Setelah 15 tahun Indonesia merdeka tanggal 24 September lahirlah Undang-Undang No 5 Tahun 1960 tentang Peraturan Dasar Pokok-Pokok Agraria yang kemudian di kenal dengan UUPA. UUPA ini lahir dari 3 Komite atau Panitia; Panitia Jogya pada tahun 1948, Panitia Jakarta tahun 1951 dan Panitia Soewahjo tahun 1956 ketiga komite ini mengusulkan perlunya penetapan batas luas maksimum dan batas luas minimum, distribusi tanah untuk petani kecil dan pengakuan atas hak rakyat atas kuasa undang-undang. Tujuan diberlakukannya UUPA sebagai hukum agraria adalah; meletakkan dasar-dasar bagi penyusunan hukum agraria nasional sebagai alat untuk membawa kemakmuran, kebahagiaan dan keadilan bagi negara dan rakyat tani, dalam rangka masyarakat yang adil dan makmur; Meletakkan dasar-dasar kesatuan dan kesederhanaan dalam hukum agraria; Meletakkan dasar-dasar memberikan kepastian hukum agraria mengenai hak-hak atas tanah bagi rakyat seluruhnya.
Di dalam UUPA pengaruh land to the tiller” tentu saja untuk kepentingan politik guna menghapus tanah partikelir atau particuliere landerijen merupakan tanah yang dimiliki oleh swasta Belanda dan pribumi yang mendapat hadiah tanah karena dianggap berjasa pada Belanda. Tetapi, landreform pengertiannya di UUPA diperluas meliputi program tindakan yang saling berhubungan yang bertujuan untuk menghilangkan penghalang di bidang ekonomi, sosial dan kekurangan-kekurangan yang terdapat dalam struktur pertanahan. Dengan demikian pelaksanaan landreform bertujuan memperbaiki keadaan sosial ekonomi rakyat melalui pembagian yang lebih adil atas sumber penghidupan petani berupa tanah.

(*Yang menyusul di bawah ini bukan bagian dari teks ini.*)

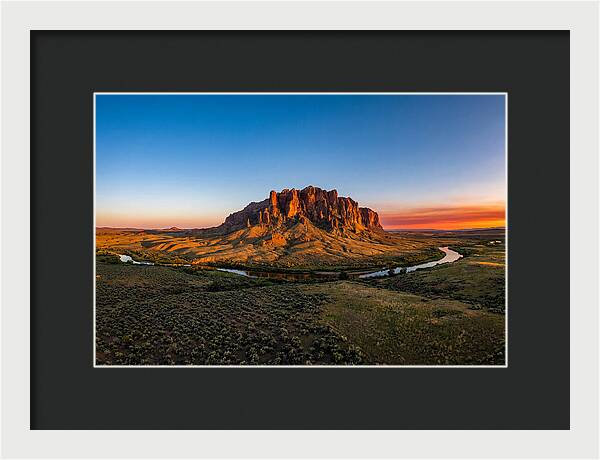 Scotts Bluff Sunset Vista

Namun, karena konstalasi politik di tahun 1960-an kuasa atas Undang-undang sebagai jabaran dan penjelasan dari UUPA sebagai besar belum sempat di garap. Orde Baru sebagai penganti rezim Orde Lama Menyusun suatu strategi Pembangunan yang hakikatnya tidak menepatkan masalah “Reforma Agraria” sebagai dasar pembangunan. Alasan-alasanya adalah; perlu adanya stabilitas politik, peningkatan produksi pertanian melalui Revolusi Hijau menjadi titik sentral pembangunan selama Lima pelita dan UUPA di curigai sebagai produk PKI. Orde Reformasi yang mengantikan rezim sentralistik Orde Baru menganggungkan demokrasi modern yang bertumpu pada asas mayoritas, HAM dan asas kesukarelaan rakyat. Persoalan agrariapun mengalami persoalan dilematis menuju keadilan agraria, jalan inipun kemudian menawarkan jalur reformism yang memerlukan perjalan waktu yang panjang dan bisa jadi inti masalahnya menjadi kabur ataukah mengambil jalan tambal sulam dan yang keduanya mengandung bayangan revolusioner memicu terjadinya gejolak.